Caso o aumento da carga tributária se concretize, é possível que (a mudança) impacte diretamente o valor dos aluguéis dos imóveis, o que, por si só, influencia na própria política habitacional do país. Nesse ponto, vale lembrar que, segundo dados do IBGE de 2022, cerca de 20% da população brasileira e 65,4% da população de baixa renda vivem em imóveis locados. Diante desse cenário, há pressão crescente da sociedade civil organizada para que a redução de alíquota das atividades de locação seja ampliada para 80%.
Procede em parte. Hoje em dia a atividade de locação imobiliária é tributada apenas pelo Imposto de Renda (sobre os rendimentos de aluguel recebidos). Com a Reforma Tributária aprovada nos moldes em que o atual texto do PLP propõe, não são todas as operações de locação que serão tributadas pelo IBS e pela CBS, mas apenas aquelas que representem a atividade preponderante de pessoa já sujeita ao regime do IBS/CBS. Porém, com a atual redação do PLP, que, em nossa opinião, é bastante vaga e genérica, entendemos existe uma importante brecha para que se faça uma interpretação extensiva da norma e se passe a tributar os aluguéis de maneira geral, pelos impostos sobre o consumo, majorando consideravelmente a carga tributária. Desse modo, é razoável o receio de que os proprietários dos imóveis (locadores) aumentem o valor dos aluguéis mensais como uma forma de compensar esse aumento de tributação.
Em nossa opinião, a redação do PLP 68/24 deveria ser mais clara em relação às hipóteses de não incidência do IBS/CBS nas operações de locação, especialmente aquelas realizadas por pessoas físicas que possuem diversos imóveis e se valem do seu rendimento (locação) como fonte de renda preponderante.

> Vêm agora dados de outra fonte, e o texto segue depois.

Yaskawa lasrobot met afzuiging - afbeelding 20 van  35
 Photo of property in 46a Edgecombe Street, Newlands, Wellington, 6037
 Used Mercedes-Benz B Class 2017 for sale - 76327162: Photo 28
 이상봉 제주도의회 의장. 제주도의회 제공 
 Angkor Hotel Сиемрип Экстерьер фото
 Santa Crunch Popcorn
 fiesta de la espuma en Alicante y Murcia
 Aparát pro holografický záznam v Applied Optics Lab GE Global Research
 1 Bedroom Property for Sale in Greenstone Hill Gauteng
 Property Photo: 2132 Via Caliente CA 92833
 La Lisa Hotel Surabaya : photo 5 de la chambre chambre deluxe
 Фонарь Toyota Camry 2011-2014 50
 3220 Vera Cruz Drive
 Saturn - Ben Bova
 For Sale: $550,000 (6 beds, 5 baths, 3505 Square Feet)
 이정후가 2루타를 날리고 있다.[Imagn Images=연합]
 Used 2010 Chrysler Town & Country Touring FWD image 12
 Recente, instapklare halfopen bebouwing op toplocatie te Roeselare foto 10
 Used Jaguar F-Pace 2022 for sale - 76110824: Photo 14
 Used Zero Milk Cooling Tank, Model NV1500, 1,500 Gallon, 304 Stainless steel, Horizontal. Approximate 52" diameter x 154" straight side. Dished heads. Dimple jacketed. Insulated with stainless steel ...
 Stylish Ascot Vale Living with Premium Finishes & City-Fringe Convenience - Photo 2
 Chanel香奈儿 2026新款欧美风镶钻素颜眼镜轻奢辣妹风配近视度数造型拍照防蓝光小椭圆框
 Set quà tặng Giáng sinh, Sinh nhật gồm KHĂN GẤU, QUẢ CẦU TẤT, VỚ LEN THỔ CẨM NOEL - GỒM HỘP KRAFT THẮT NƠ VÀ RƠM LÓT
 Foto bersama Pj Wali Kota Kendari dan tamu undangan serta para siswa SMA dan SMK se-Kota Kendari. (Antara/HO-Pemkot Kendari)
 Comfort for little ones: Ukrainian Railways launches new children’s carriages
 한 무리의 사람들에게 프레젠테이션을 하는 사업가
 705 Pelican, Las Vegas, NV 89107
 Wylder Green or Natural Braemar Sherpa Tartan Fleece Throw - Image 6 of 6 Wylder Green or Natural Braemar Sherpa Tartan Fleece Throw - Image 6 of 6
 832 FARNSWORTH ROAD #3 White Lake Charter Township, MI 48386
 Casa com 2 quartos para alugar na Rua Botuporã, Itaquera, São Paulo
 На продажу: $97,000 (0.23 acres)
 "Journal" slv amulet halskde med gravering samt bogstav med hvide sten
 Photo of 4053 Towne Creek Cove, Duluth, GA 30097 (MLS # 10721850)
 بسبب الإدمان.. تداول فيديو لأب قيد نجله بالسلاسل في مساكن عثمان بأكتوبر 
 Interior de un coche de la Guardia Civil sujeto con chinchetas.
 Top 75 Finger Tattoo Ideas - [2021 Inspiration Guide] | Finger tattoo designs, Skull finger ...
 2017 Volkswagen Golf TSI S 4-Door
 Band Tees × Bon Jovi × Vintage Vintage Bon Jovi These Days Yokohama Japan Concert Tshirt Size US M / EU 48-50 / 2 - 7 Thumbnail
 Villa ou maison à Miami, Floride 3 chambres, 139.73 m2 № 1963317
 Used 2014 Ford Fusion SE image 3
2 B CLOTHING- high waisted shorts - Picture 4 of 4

Como dito, a atual redação não é suficientemente clara a esse respeito, deixando margem para interpretações dúbias.
Em sua avaliação, quais pontos da regulamentação, referentes à tributação de pessoas físicas que alugam imóveis, precisam ser ajustados na regulamentação da Reforma?
A tributação pelo IBS e pela CBS provavelmente alcançará as pessoas físicas que realizam operações com imóveis de forma habitual ou em volume que caracterize uma atividade econômica. Por isso, é fundamental que se defina claramente o que caracteriza a “atividade preponderante” para fins de tributação – isto é: em que situações a pessoa física será considerada contribuinte do IBS e da CBS ao exercer a atividade de locação de imóveis.
Além disso, existem outros debates de caráter econômico sobre o possível aumento da carga tributária e a necessidade de uma redução mais significativa das alíquotas, especialmente à luz do objetivo de neutralidade da Reforma Tributária.
Entendemos que é primordial que o texto do PLP 68/24 defina com clareza e objetividade o conceito de atividade econômica preponderante, utilizado como principal elemento de definição da hipótese de incidência do IBS/CBS nas operações de locação de bens imóveis. Vale ressaltar que, um outro exemplo de situação que pode ser impactada com a falta de clareza do conceito é o caso de profissionais liberais (sujeitos ao regime regular do IBS/CBS pela sua atividade principal) que alugam um imóvel próprio para a sociedade da qual fazem parte e onde realizam suas atividades econômicas. Pelo texto atual, há dúvidas se esse aluguel estaria incluído no conceito de atividade preponderante e portanto sujeito à tributação sobre o consumo.